Пол Фримен, один из будущих организаторов каллиграфической группы в Нью-Йорке, унес тогда скатерть домой, поклявшись, что заставит Джексона взять свои слова обратно.
Художник-каллиграф Евгений Добровинский открыл в Москве студию, где учит желающих невероятно увлекательному занятию – писать буквы. И вот сейчас, когда, казалось бы, все привыкли печатать с помощью клавиатуры, эта студия пользуется огромным успехом!
Ищите собственный почерк, неповторимый стиль, индивидуальность – важнейшее качество художника. Не робейте, если у вас не получается ровно изобразить «о» или «ж», расположить буквы на одной линии, главное – характер! Он должен быть, и быть узнаваемым.
У таких разных русских художников, как Татьяна Алексеевна Маврина и Илья Кабаков, написание букв было частью их художественного языка. Будто бы заурядный стиль шрифта у концептуального художника Кабакова, а как хороши его ровные, аккуратные буквы с засечками, написанные тонким пером под линеечку! Они напоминают нам правила поведения на воде или объявления в санатории. Переписать от руки свод правил в тысячу знаков – раз чихнуть Кабакову. Уже несколько десятков лет он пишет и пишет буквы на своих картинах фирменным кабаковским почерком.
Из книги «Отцемать», бумага, литография, 1994.
Татьяна Маврина придумала, как писать японские буквы в русском стиле, когда рисовала книгу Юрия Коваля, переведенную на японский язык. Ведь японские иероглифы – это, в общем, зашифрованные картинки. Постепенно они редуцировались в пиктограммы, в простые знаки реальности. И превратились в иероглифы. Русские буквицы, древнерусский шрифт, кириллица также хранят память изображения.
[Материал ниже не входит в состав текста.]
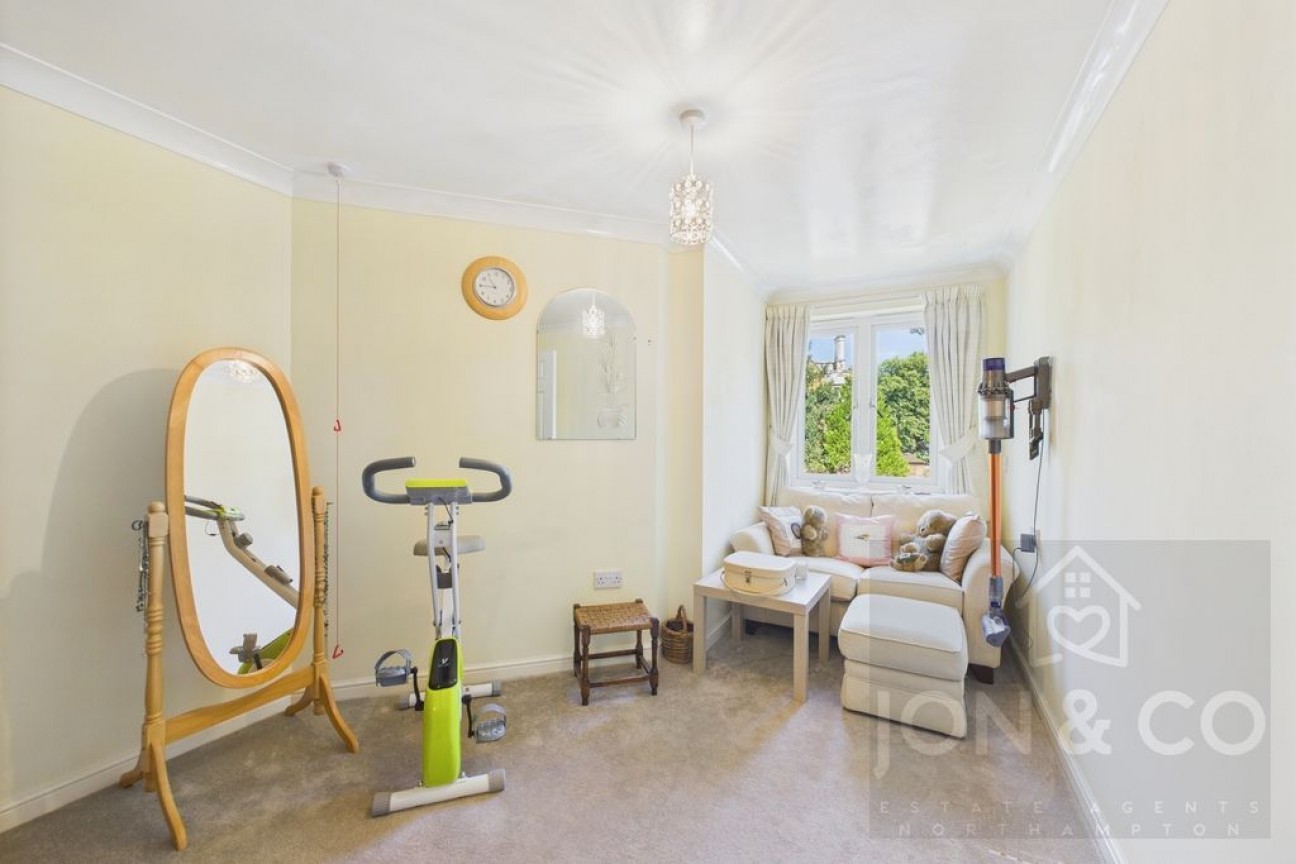 Lalgates Court | Harlestone Road | NN5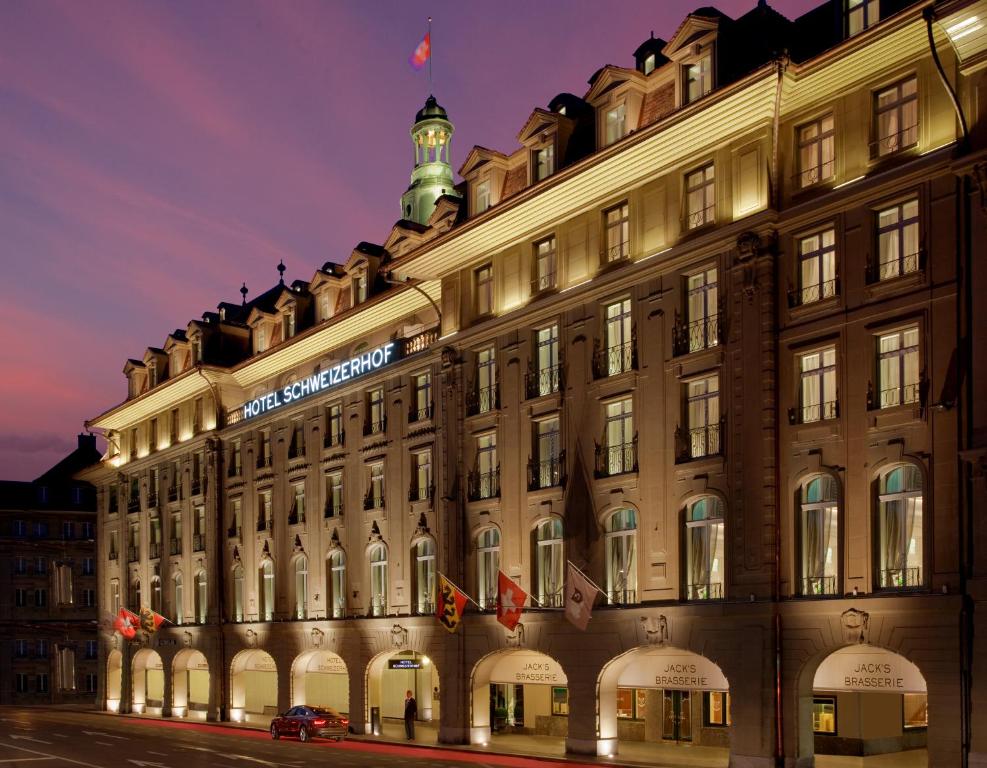 伯尔尼Hotel Schweizerhof Bern & Spa的前面有标志的建筑
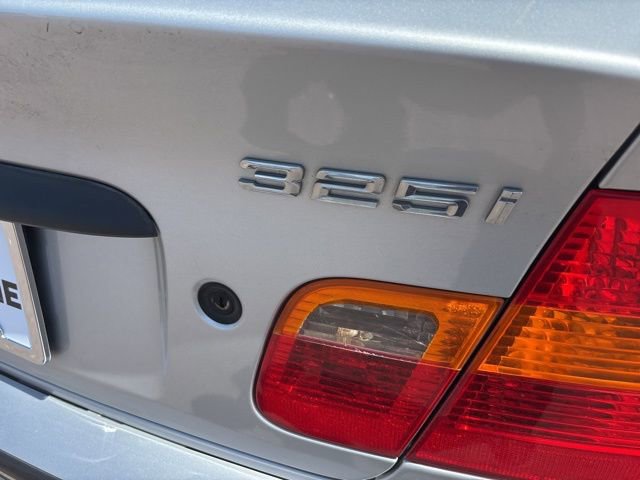 Used 2004 BMW 325i Sedan RWD image 7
Почуяв лежащее в глубине единство, Татьяна Маврина создала иероглифы по-маврински. И японцы были восхищены!
Необыкновенной каллиграфией, можно сказать, «каллиграфией наоборот» владеет художник и писатель Резо Габриадзе. Его книга «В маленьком садике империи», изданная в 1991 году в моем издательстве «Даблус», представляет собой то самое счастливое сочетание рисунка и текста, которое называется «книжный театр Резо Габриадзе». Буквы лепятся друг к другу, перо спотыкается, штрих лохматится и пропадает, но все вместе «поет» и «светится». Явно автор изучал образцы поэтической каллиграфии – рукописи Александра Сергеевича Пушкина. У него он учился той искрометности и свободе летящего почерка, наивности и точности рисунков, щедро разбросанных поэтом на полях своих бесценных рукописей, а также у реки Куры, бурной, взбалмошной кавказской речки.